We prayed for Nathan. We also spoke our blessings for Joani. We spoke blessings for the people we had met on this trip. And then I thanked God for touching us today, for this special gift He has given us to remember.
“I love you, Olivia,” Nathan said and hugged Olivia.
“I love you, Nathan,” Olivia responded and hugged Nathan back.
We began to hug and said “I love you” together as we ended with singing together “You Make All Things Beautiful In Your Time”.
WHAT WE LIKE ABOUT OUR ROAD TRIP
“So what did you like about our road trip?” I asked the family as we entered the beautiful yellow fields of Poland bursting with rap seed flowers, ready to returned our beloved car after 40 days of driving.
Olivia shared first, “I like we didn’t have to carry ‘anything’ for a whole month. I love it how as we travel more in car, the more things we have, the more space we had. It was a miracle! In the beginning, both Joani and my small backpacks are in the front. Then Joani’ bag can go in the back. And then as we have ten thousand groceries, there is more space! So we put my backpack in the back, too!”
“I am also surprised how we can stuff everything in our ‘magic’ trunk,” Joani laughed. “Including a spare tire!”
“I used the front glove compartment like a storage shelve!” Annie added. “I also like the sense of freedom, flexibility, cosiness of having a car.”
“I like reading our book in the car,” Nathan shared next.
“We read the book the most during our one month in the car than our entire year traveling,” Olivia added. “It was really nice. We got to do it regularly. We are almost done with one third of the book! We all took turn reading. We kept dad awake…”
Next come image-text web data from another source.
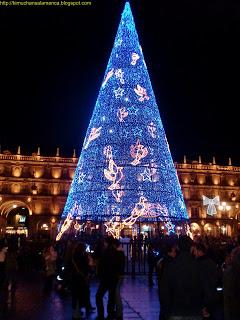 Iluminación 2010/イルミネーション2010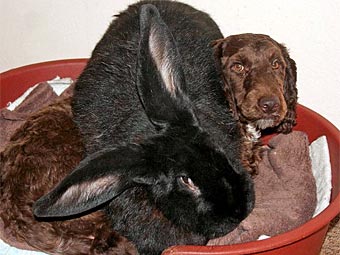 Кролик Пуба и щенок спаниэля. Фото с сайта dailymail.co.uk
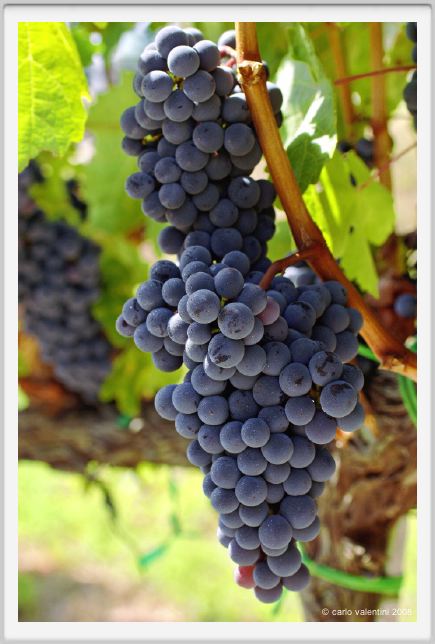 tenuta_di_arceno851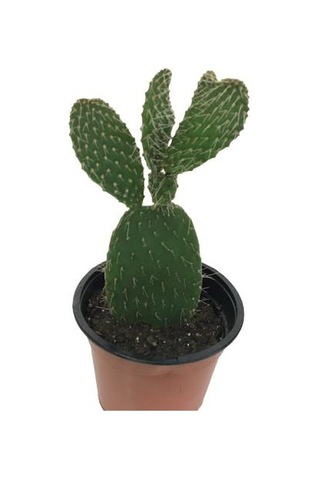 İncir Kaktüs (Opuntia Ovata)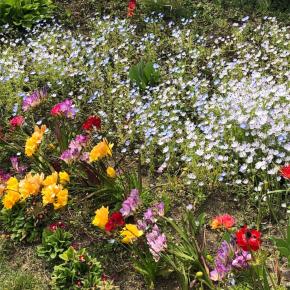 久しぶりの記事更新〜6個のトラウマとそれを構成する35個の要素〜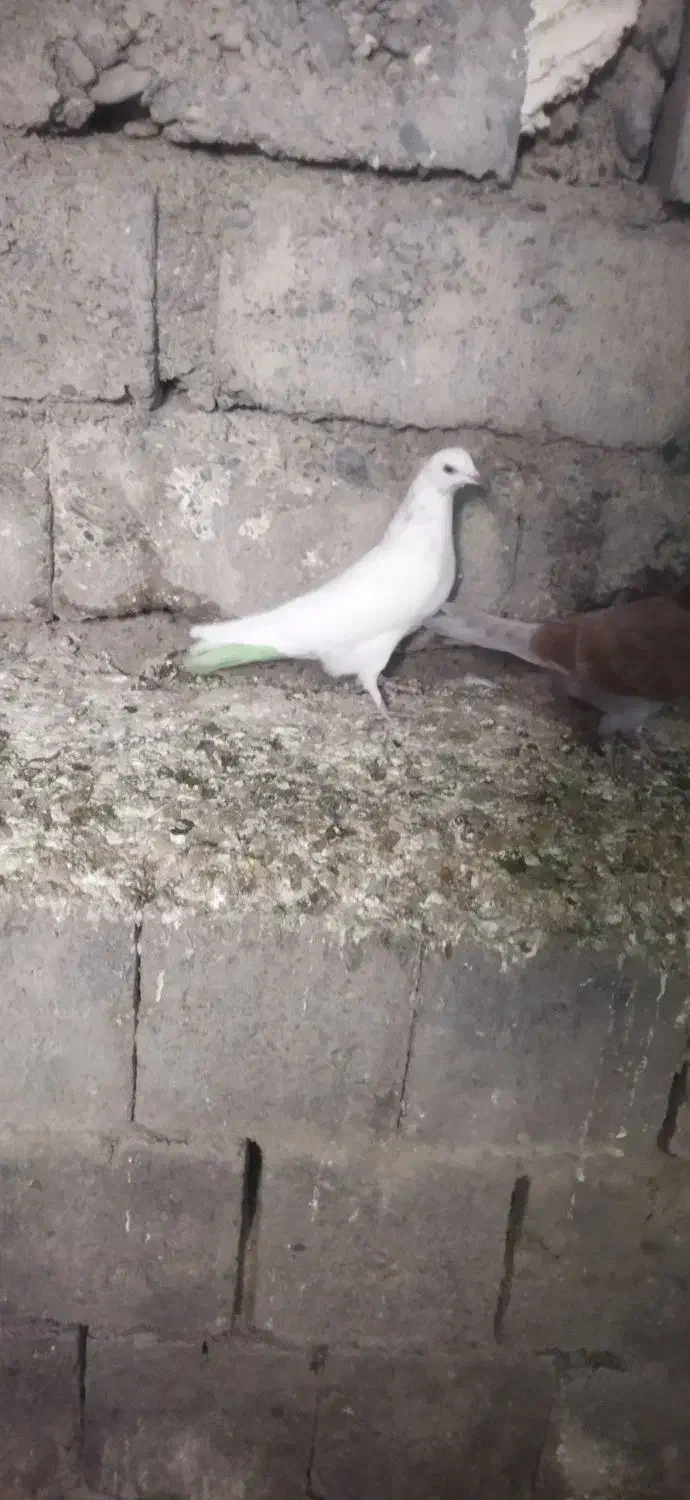 کبوتر گرفتنی|پرنده|نقده, |دیوار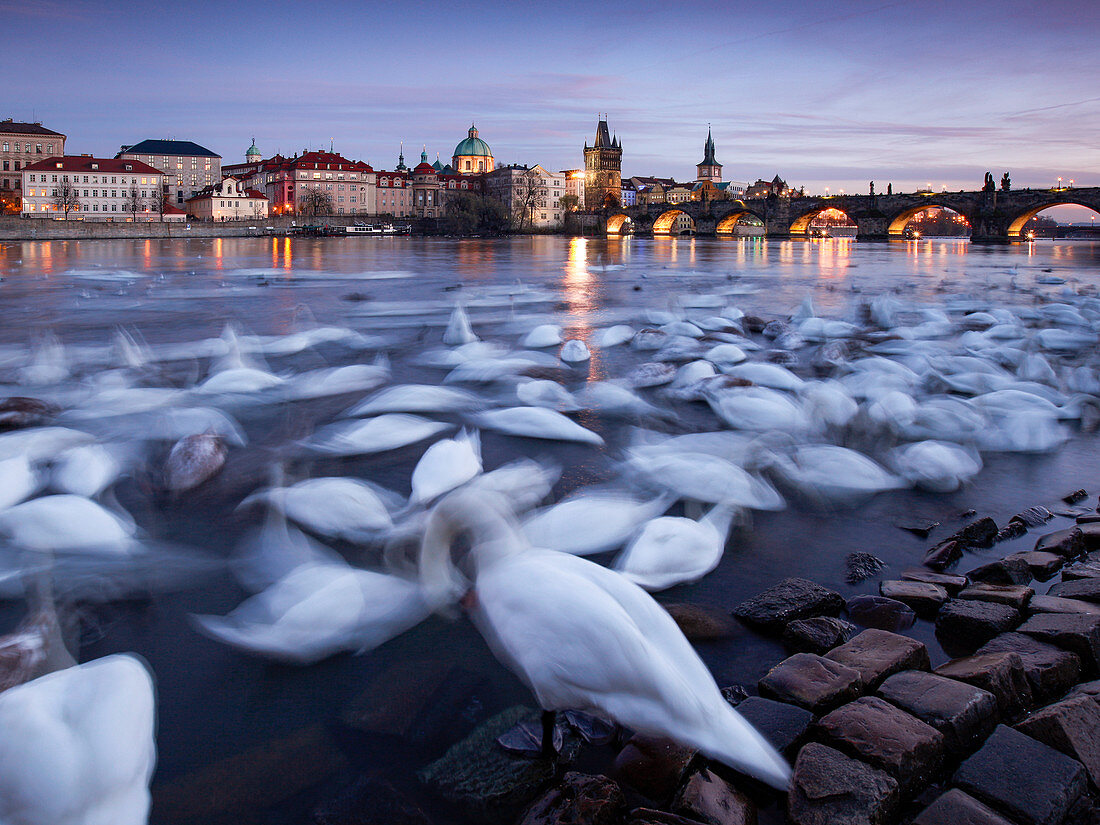 Swans in front of Charles Bridge, Prague, Czech Republic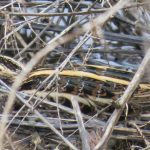 Jack Snipe, Beddington Farmlands (I Jones).
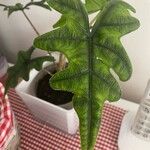 Alocasia scalprum Feuille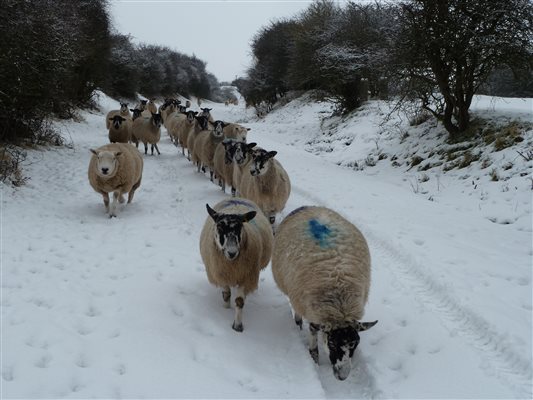 Sheep in the snow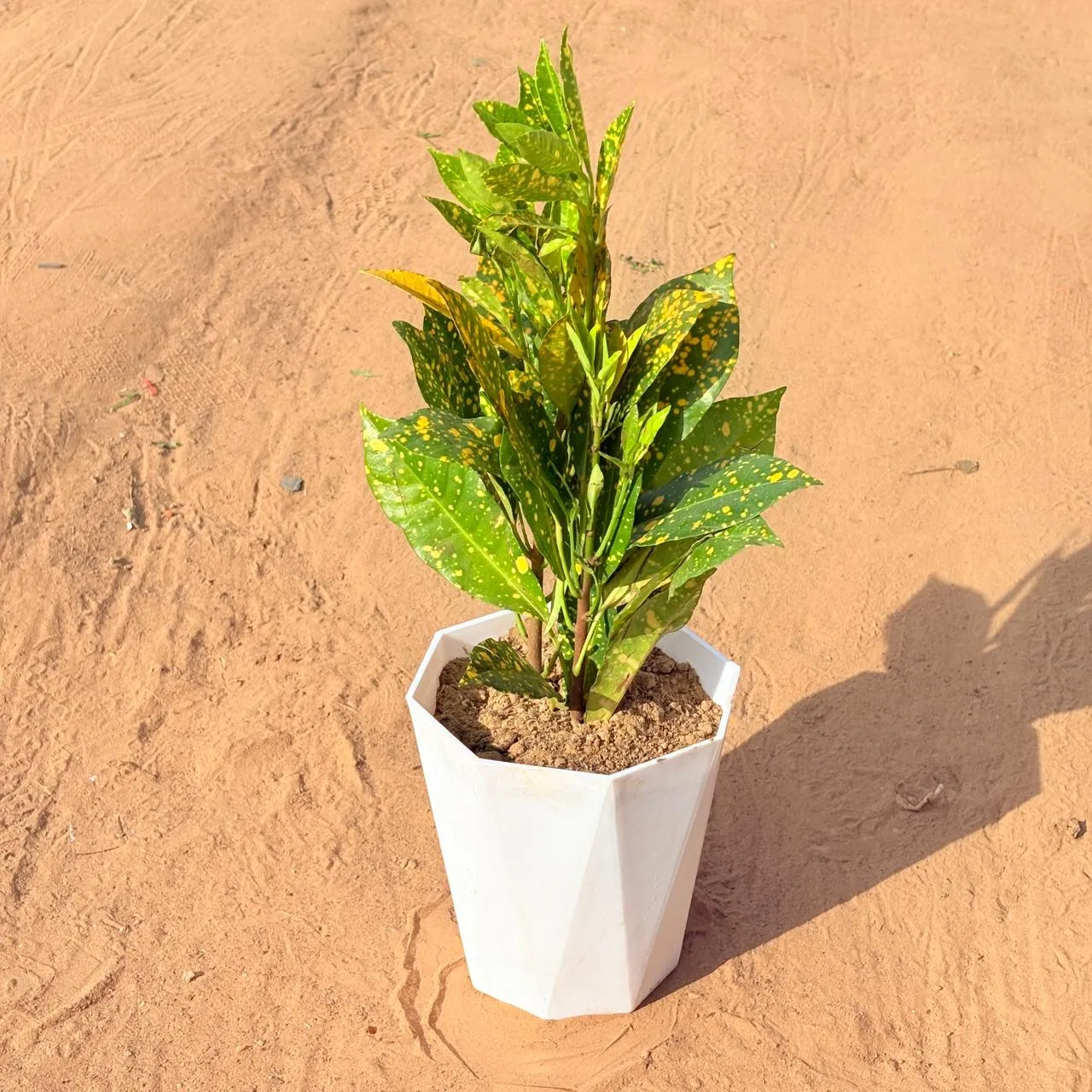 Baby Croton in 6 Inch Marble White Diamanti Plastic Pot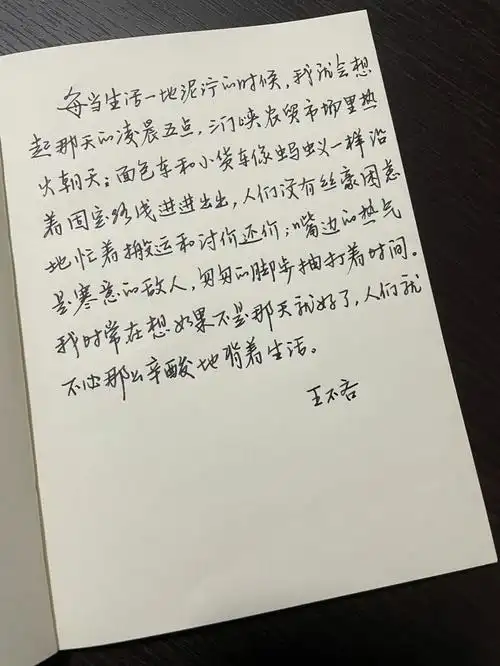 抄写王不吝的原创随笔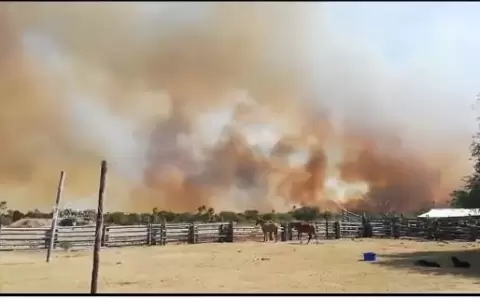 Incendio arrasa con 80 hect�reas en Bah�a Negra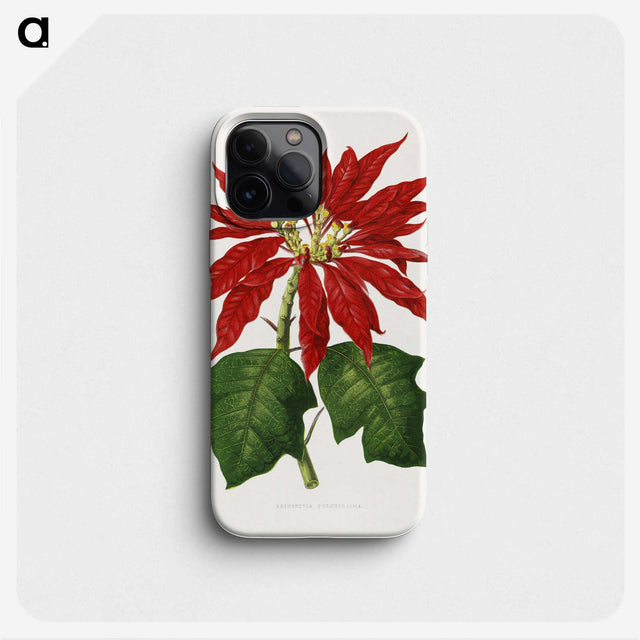1-15_Plants-with-Colored-Foliage_phone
“Yes, that was when I had the freedom to yell as loud as I wanted in the car: SHAKE IT OFF! SHAKE IF OFF (Taylor Swift’s famous song) to keep dad from falling asleep. Or we would do the UCLA cheers: UCLA, UCLA, fight, fight, fight!” Joani laughed. “I was losing my voice.”
“Another thing I like about our road trip was that we got to see friends and all the places we normally wouldn’t go to,” Nathan added.
“Yes, I like how we were able to go to small towns and country sides and to camp in the most amazing scenic places, along the lake, the sea, the mountains,” I shared dreamily. “While you were all sleeping in the car, I had to be awake the whole time so I got to see all the sceneries. I really like all the new spring leaves and flowers along the road.”
We started our road trip in Western Europe wanting to experience the countryside and to reconnect with old friends. The challenge of living out of the car became often too much to bear. But somehow we managed to adjust and to survive…Thanks to God, we not just survived, but we thrived.
2 thoughts on ““Stop Pushing Me!””
Thank you for being so open and honest with us about your relationships with each other. The description of arguments in the car vividly brought back memories of my family’s summer vacation trips camping by car, often 3-4 weeks traveling with us three children in the back seat. Ouch! One year my younger sister wanted to bring her pet parakeet along, so my parents hung the cage right by one of the back seat windows, and it swung and often dumped bird seed and water out in the cage and on us. Unfortunately we did not have this beautiful prayer time together then for God to bring healing between us three. How great and merciful God is to always help us reconcile with family members.
The children said that there is no word to describe your beautiful comment. it made us reel in laughter. We are thankful we didn’t bring a pet parakeet though we thought of bringing our cat.